Al texto descrito, le encontré cierta semejanza con el siguiente suceso: Estando quien firma lo que escribe en una lujosa zapatería del Centro Histórico de nuestra ciudad, entre la clientela se encontraba una señora de aspecto humilde y pobreza extrema, quien solicitaba a la dependienta un par de zapatos. Después de probárselos, le pidió si podía apartarlos para el sábado, ya que ese día recibiría una contrata. La empleada, asegurándose de que nadie observara, imprimió un recibo en blanco de la caja registradora y le pidió el nombre a la señora. Al preguntarle por su número de teléfono, la mujer respondió que no tenía, pero proporcionó el número de su vecina. Mientras tanto, dejó 100 pesos como anticipo. Justo cuando la dependienta que la atendía estaba a punto de ser relevada por su compañera, ella rápidamente grapó el billete con la hoja de datos y la escondió debajo de la caja, aparentemente para evitar ser descubierta. Antes de irse, la señora mencionó que, si llovía el sábado, no podría ir por los zapatos porque planchaba ajeno, y le preguntó si podría recogerlos el domingo temprano. La dependienta respondió con un simple “Ajá, está bien”.

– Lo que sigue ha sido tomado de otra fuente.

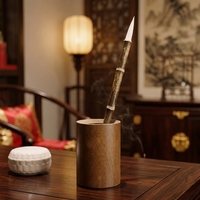 Pinceau de calligraphie en poils de chèvre multi-spécifiques, boîte en bois personnalisée OEM, fourniture mondiale pour galeries d'art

Al salir de la tienda, me sentí como el Rey Baltazar, abrumado por el remordimiento de no haber tenido el valor de comprarle los zapatos a la anciana, mientras, ella seguiría el resto de la semana con los que traía sin tapas, desquebrajados de la piel y con la suela tan ingrata como mi pinche corazón. Me reproché a mí mismo por no haber sido más generoso, por no haberle regalado incluso dos pares. La oportunidad se me escapó de las manos, y solo me quedó la sensación de haber fallado en un momento en el que podría haber marcado la diferencia.